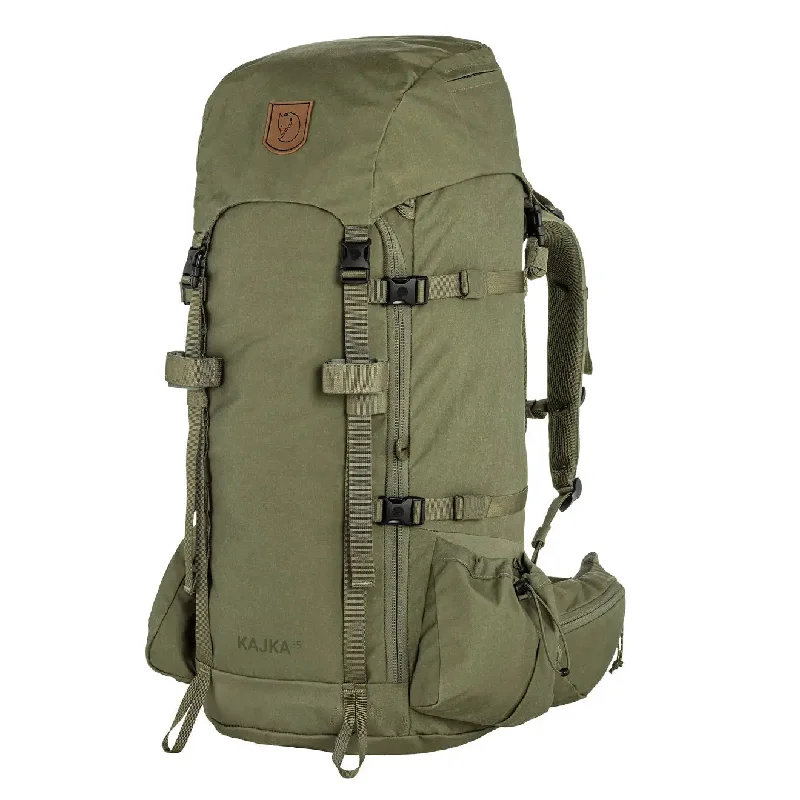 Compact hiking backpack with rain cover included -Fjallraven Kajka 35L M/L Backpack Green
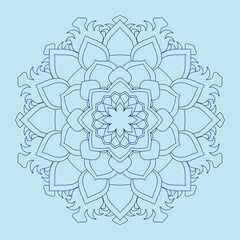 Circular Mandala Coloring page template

--

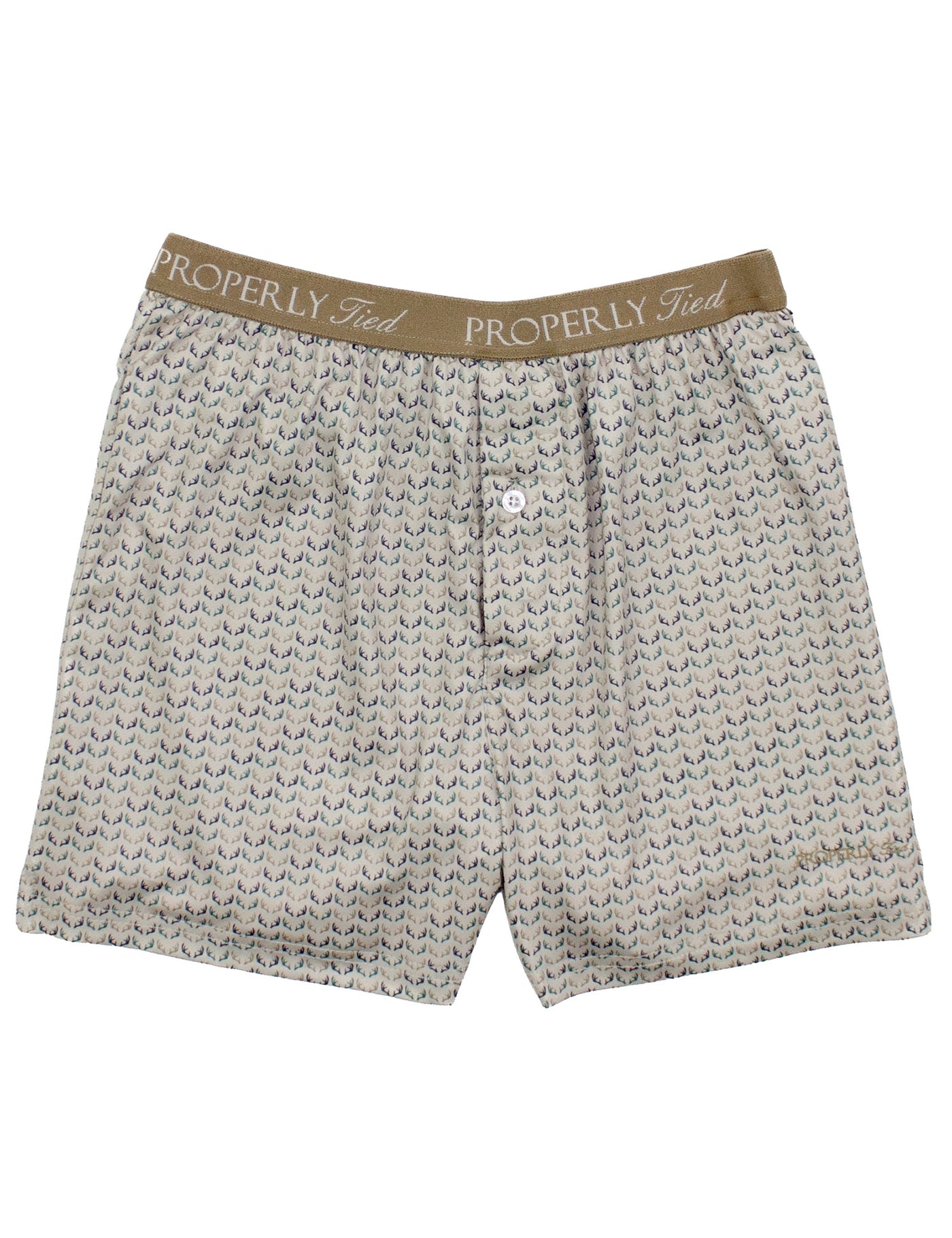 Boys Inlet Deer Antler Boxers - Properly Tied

* * *

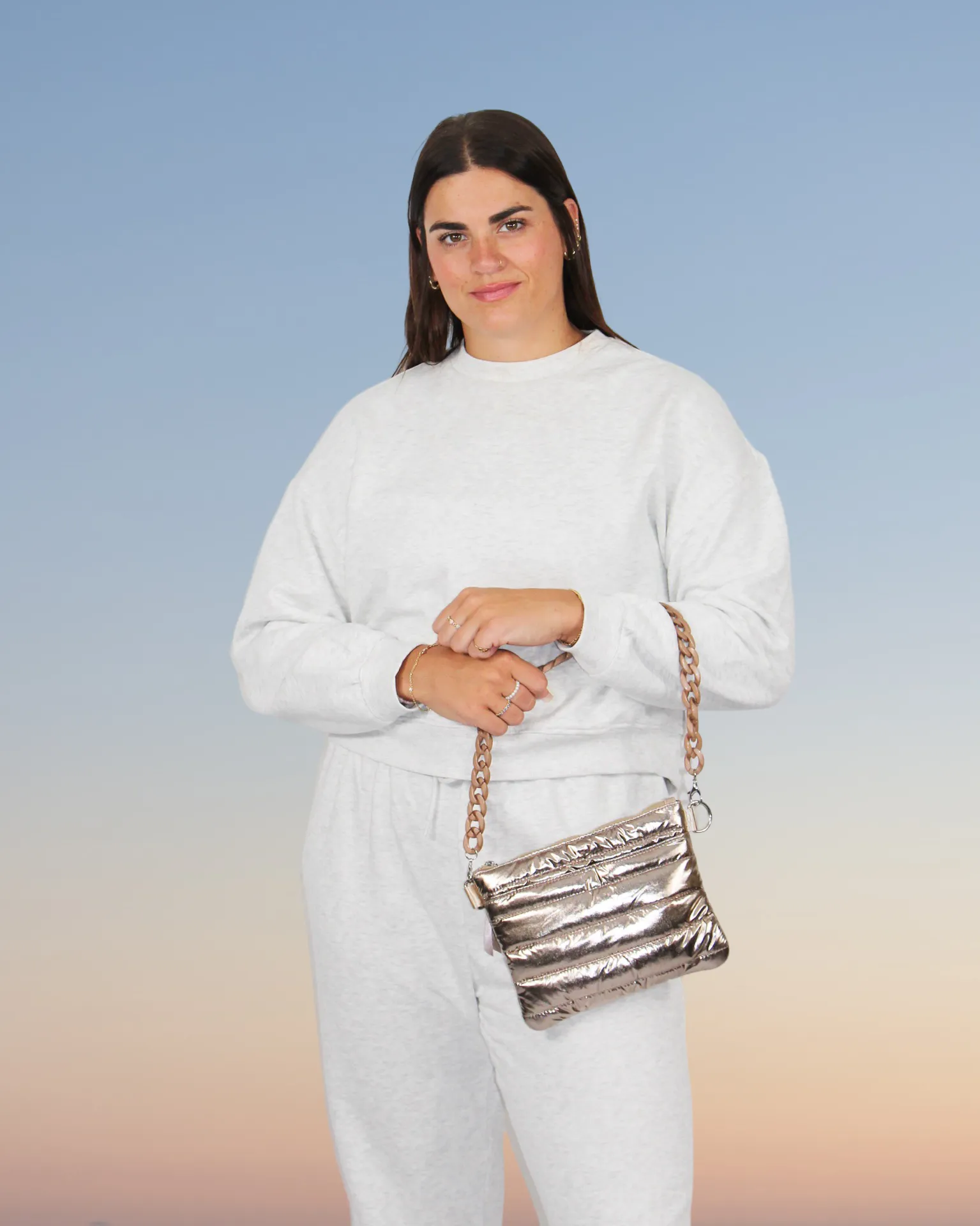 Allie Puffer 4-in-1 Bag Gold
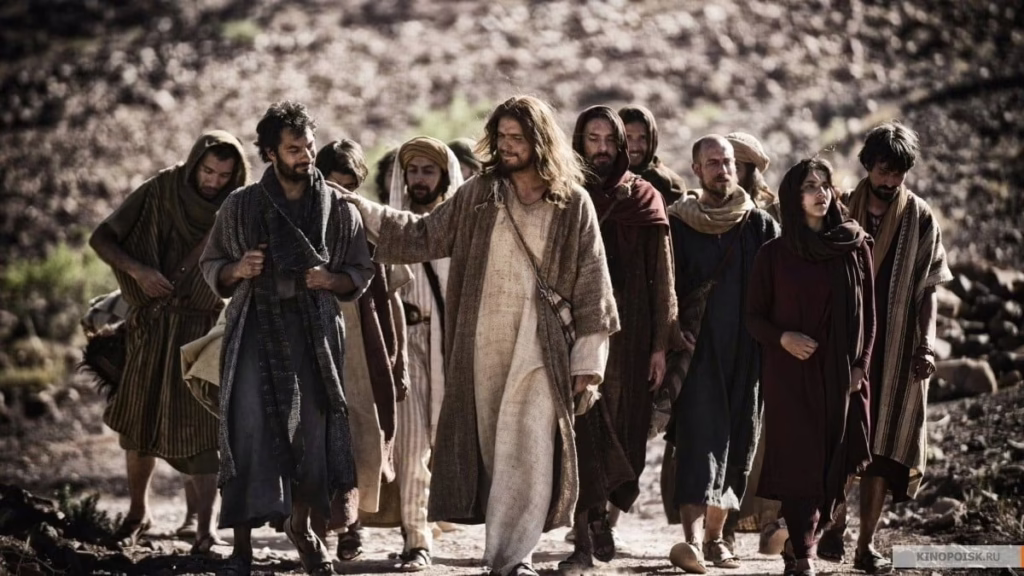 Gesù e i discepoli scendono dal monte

• Task objective: Going by the entries above, repeat exactly the lines that start at the line with "Allie Puffer 4-in-1 Bag Gold" and go on through the line with "Gesù e i discepoli scendono dal monte". Pictures are not part of the copy.

• Response to this exercise:
 Allie Puffer 4-in-1 Bag Gold
 Gesù e i discepoli scendono dal monte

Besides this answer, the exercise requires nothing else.